Questo brano del Vangelo di Giovanni, l’unico evangelista a riportare il dialogo notturno di Gesù con un noto capo dei Giudei, è centrale nella Mistica medievale. In realtà, si tratta di affermazioni che vanno ben al di là di una religiosità, e non solo di quella ebraica, che si è fermata alla carne. Qui è in gioco lo stesso concetto di nascita carnale del Figlio di Dio, che purtroppo predomina ancora in una certa struttura dogmatica della Chiesa.
Gesù a Nicodemo, sorpreso e scandalizzato, rivela quel Mistero della perenne Rinascita divina, assolutamente fuori dalla portata di una mentalità religiosa, che è chiusa al mondo di un Divino che agisce nella profondità dell’essere umano.
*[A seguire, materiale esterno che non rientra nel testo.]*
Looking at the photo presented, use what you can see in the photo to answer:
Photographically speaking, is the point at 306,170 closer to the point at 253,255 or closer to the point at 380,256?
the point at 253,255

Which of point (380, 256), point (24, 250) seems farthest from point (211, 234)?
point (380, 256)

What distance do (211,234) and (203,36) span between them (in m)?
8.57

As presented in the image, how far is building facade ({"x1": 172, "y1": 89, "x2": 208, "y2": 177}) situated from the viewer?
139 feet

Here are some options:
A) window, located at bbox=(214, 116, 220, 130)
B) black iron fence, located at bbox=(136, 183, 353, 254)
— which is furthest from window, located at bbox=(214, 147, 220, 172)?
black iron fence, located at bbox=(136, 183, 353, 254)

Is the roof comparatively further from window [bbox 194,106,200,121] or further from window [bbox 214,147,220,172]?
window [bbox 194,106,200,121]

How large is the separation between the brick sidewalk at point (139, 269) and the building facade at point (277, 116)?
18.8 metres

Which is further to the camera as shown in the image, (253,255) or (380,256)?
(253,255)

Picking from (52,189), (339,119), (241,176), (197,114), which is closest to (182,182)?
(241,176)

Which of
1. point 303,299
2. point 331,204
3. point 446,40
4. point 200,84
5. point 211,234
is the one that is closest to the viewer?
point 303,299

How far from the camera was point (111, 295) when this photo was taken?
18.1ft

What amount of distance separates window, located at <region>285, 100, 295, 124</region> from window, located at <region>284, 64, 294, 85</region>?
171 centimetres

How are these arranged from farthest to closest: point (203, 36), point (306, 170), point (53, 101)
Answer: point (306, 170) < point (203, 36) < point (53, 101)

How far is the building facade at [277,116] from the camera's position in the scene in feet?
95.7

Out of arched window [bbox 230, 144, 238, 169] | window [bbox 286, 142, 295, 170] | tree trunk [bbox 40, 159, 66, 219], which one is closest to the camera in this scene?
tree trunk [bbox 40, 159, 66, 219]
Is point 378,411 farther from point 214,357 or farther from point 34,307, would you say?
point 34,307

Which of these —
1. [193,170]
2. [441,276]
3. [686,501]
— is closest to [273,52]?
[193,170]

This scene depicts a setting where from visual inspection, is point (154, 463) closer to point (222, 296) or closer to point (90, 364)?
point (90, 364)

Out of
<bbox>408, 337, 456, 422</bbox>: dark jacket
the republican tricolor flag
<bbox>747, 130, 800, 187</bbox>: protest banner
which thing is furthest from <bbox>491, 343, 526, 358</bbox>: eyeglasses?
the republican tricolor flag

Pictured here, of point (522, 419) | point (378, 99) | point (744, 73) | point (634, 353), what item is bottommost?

Il vero culto è quello interiore: Gesù lo dirà poi alla donna samaritana. Anche qui ci sconvolge il comportamento di Gesù: parla di realtà superiori sia con i dottori della legge sia con delle persone del tutto semplici e quasi analfabete nel campo dottrinale.
Già questo dovrebbe far riflettere noi preti: pensiamo di rivelare i misteri di Dio (lasciamo perdere poi il come li riveliamo!) agli intellettuali o a gente di una certa cultura, lasciando le persone meno colte nella loro ignoranza, predicando loro qualche favoletta, con la scusa: Tanto non capiscono! E così è successo che la massa, lasciata ignorante, si è fatta sempre più ignorante, ed è finita nelle mani degli imbonitori menzogneri, i quali parlano alla pancia, perché sanno che la pancia si nutre di ogni cibo, anche delle menzogne.
L’ho già detto: non lamentiamoci se oggi in Italia impera l’analfabetismo populista, quando da anni noi credenti ci siamo dimenticati il mondo interiore dell’essere, creando un vuoto spaventoso, riempito da una degenerazione culturale che sta frantumando lo stesso essere umano. E non basta scandalizzarci, se poi non diamo inizio ad un’opera culturale che parta proprio dall’essere umano.